Captioned web images –
————————
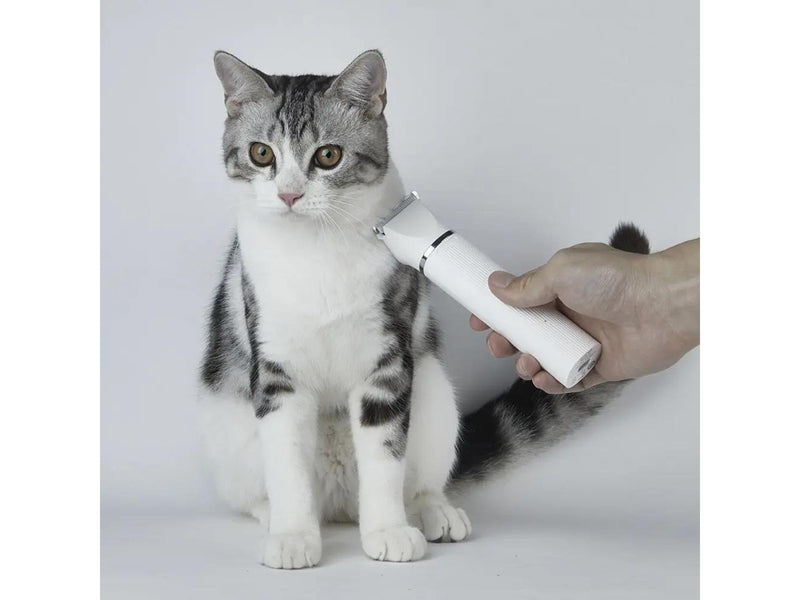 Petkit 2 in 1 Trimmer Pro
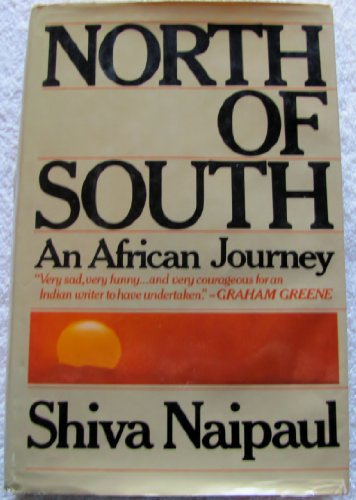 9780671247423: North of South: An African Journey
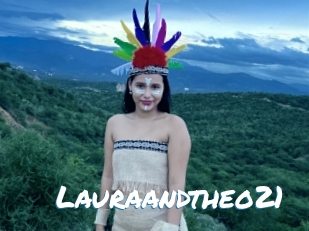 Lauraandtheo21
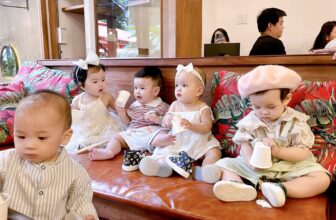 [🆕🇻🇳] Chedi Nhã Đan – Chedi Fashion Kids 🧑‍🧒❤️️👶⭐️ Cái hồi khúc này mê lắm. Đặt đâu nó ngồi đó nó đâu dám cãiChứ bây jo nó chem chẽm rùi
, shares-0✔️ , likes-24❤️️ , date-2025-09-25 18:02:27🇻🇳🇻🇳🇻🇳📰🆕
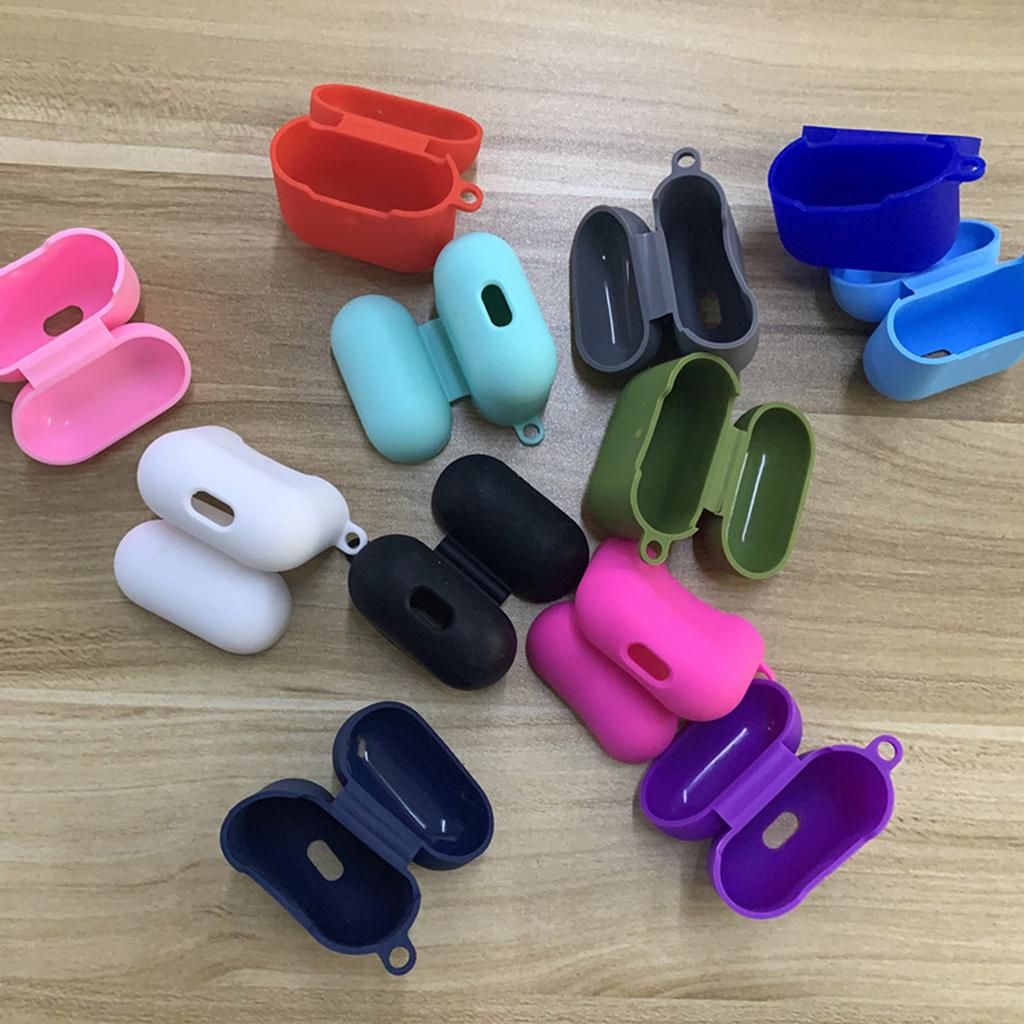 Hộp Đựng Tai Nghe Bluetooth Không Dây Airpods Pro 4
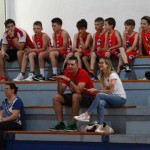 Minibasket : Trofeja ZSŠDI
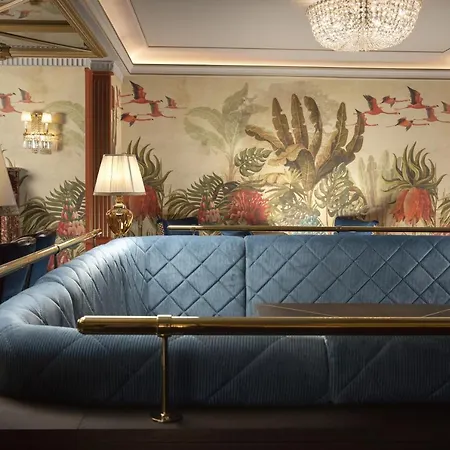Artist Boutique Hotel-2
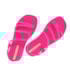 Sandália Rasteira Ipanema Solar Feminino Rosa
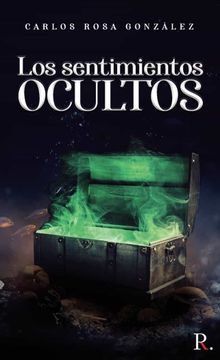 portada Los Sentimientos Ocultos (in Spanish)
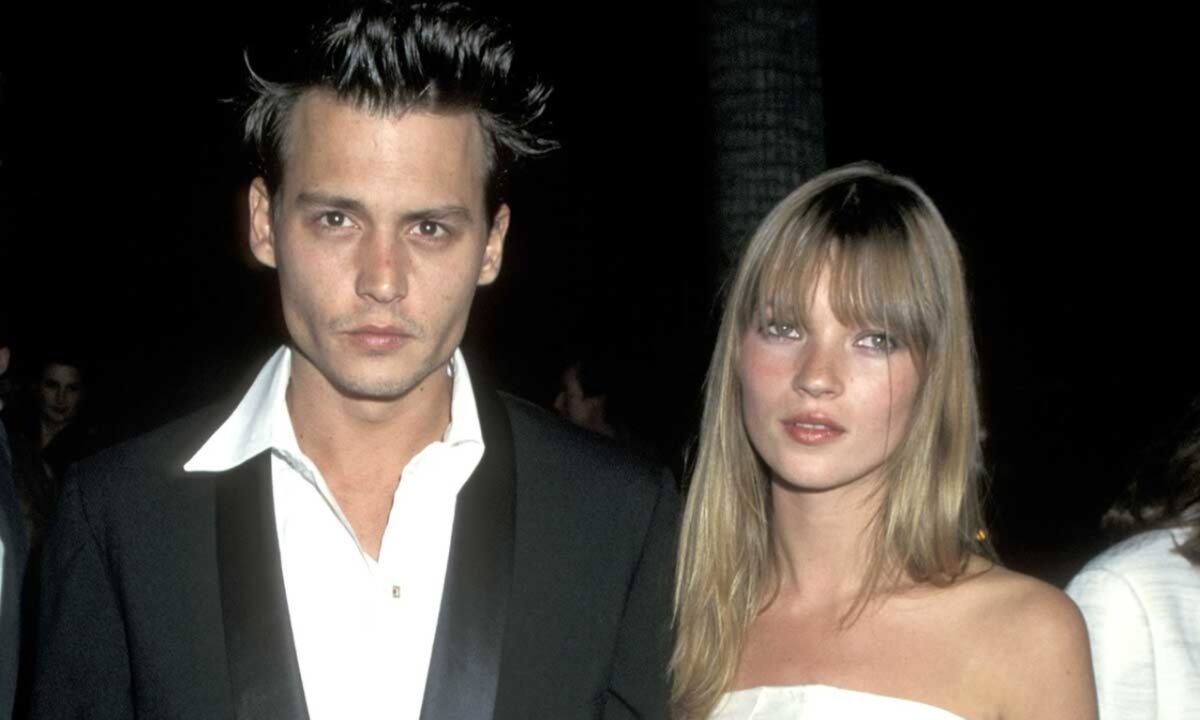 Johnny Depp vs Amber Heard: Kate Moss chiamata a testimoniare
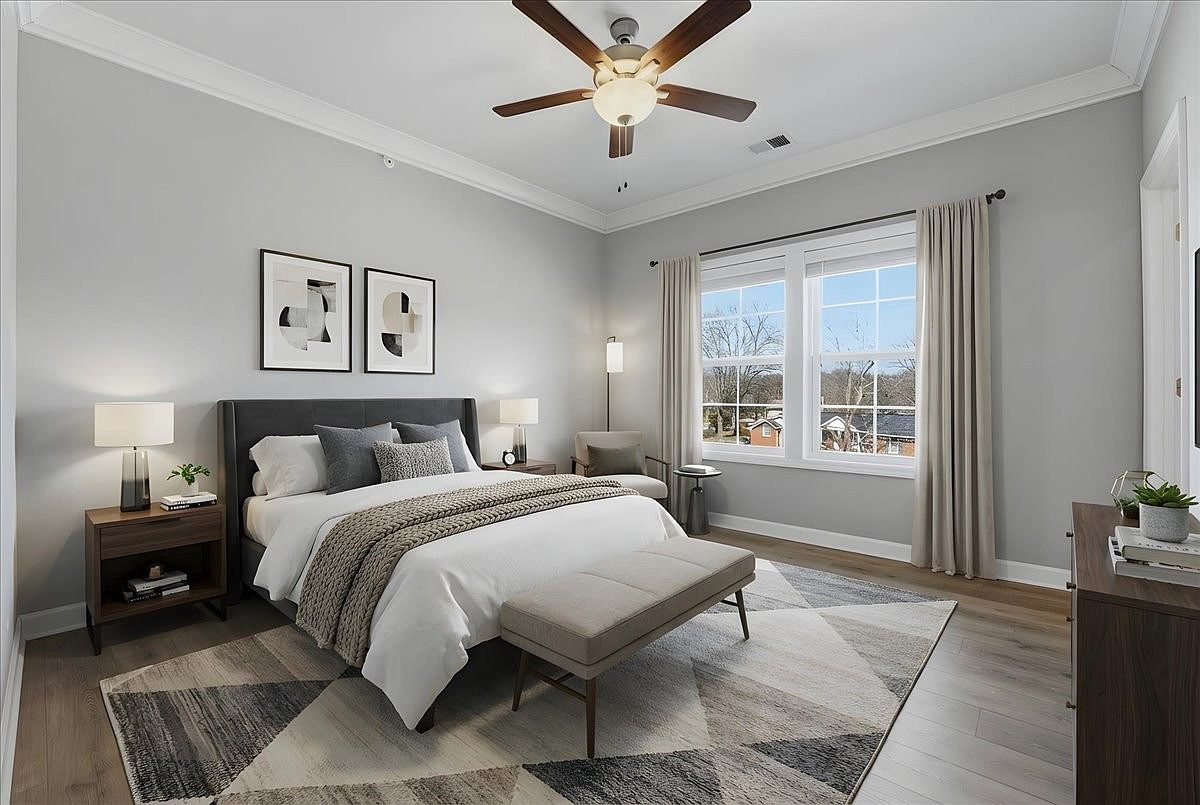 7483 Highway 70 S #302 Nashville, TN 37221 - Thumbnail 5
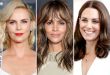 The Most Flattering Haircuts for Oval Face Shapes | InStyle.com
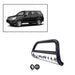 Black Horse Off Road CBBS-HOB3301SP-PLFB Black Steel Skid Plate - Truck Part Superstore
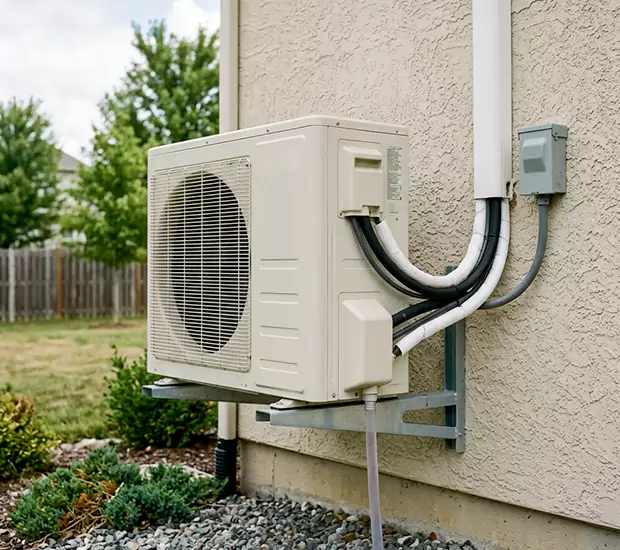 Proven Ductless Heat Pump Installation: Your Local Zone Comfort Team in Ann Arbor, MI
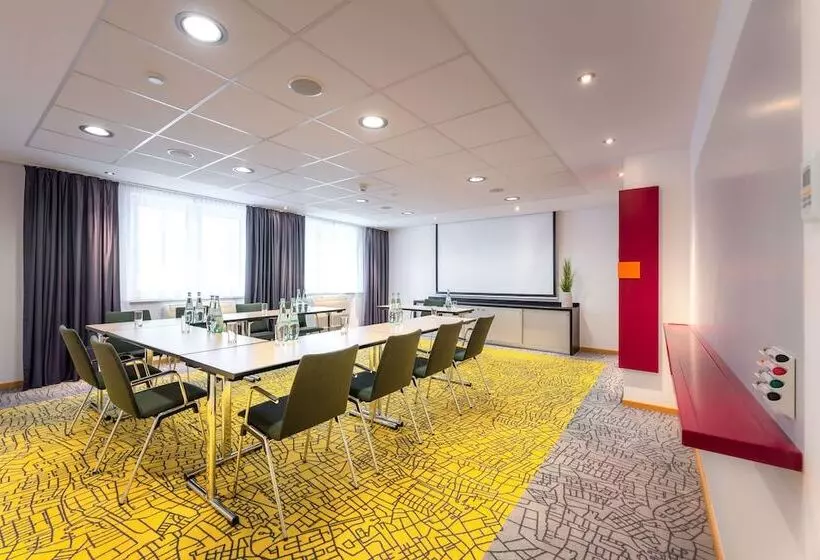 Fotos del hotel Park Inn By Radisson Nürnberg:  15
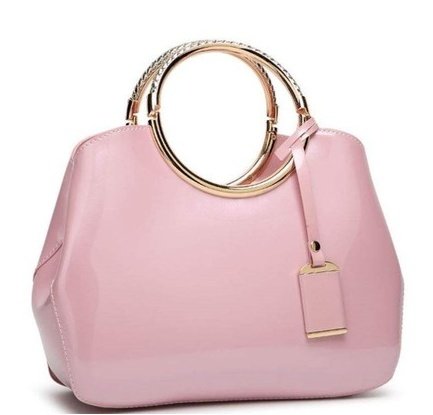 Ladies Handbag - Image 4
————————
THE PROBLEM –
Output only the lines from the start of the data through the line that holds "portada Los Sentimientos". Keep them exact and leave the pictures out.

EXPECTED OUTPUT –
 Petkit 2 in 1 Trimmer Pro
 9780671247423: North of South: An African Journey
 Lauraandtheo21
 [🆕🇻🇳] Chedi Nhã Đan – Chedi Fashion Kids 🧑‍🧒❤️️👶⭐️ Cái hồi khúc này mê lắm. Đặt đâu nó ngồi đó nó đâu dám cãiChứ bây jo nó chem chẽm rùi
, shares-0✔️ , likes-24❤️️ , date-2025-09-25 18:02:27🇻🇳🇻🇳🇻🇳📰🆕
 Hộp Đựng Tai Nghe Bluetooth Không Dây Airpods Pro 4
 Minibasket : Trofeja ZSŠDI
Artist Boutique Hotel-2
 Sandália Rasteira Ipanema Solar Feminino Rosa
 portada Los Sentimientos Ocultos (in Spanish)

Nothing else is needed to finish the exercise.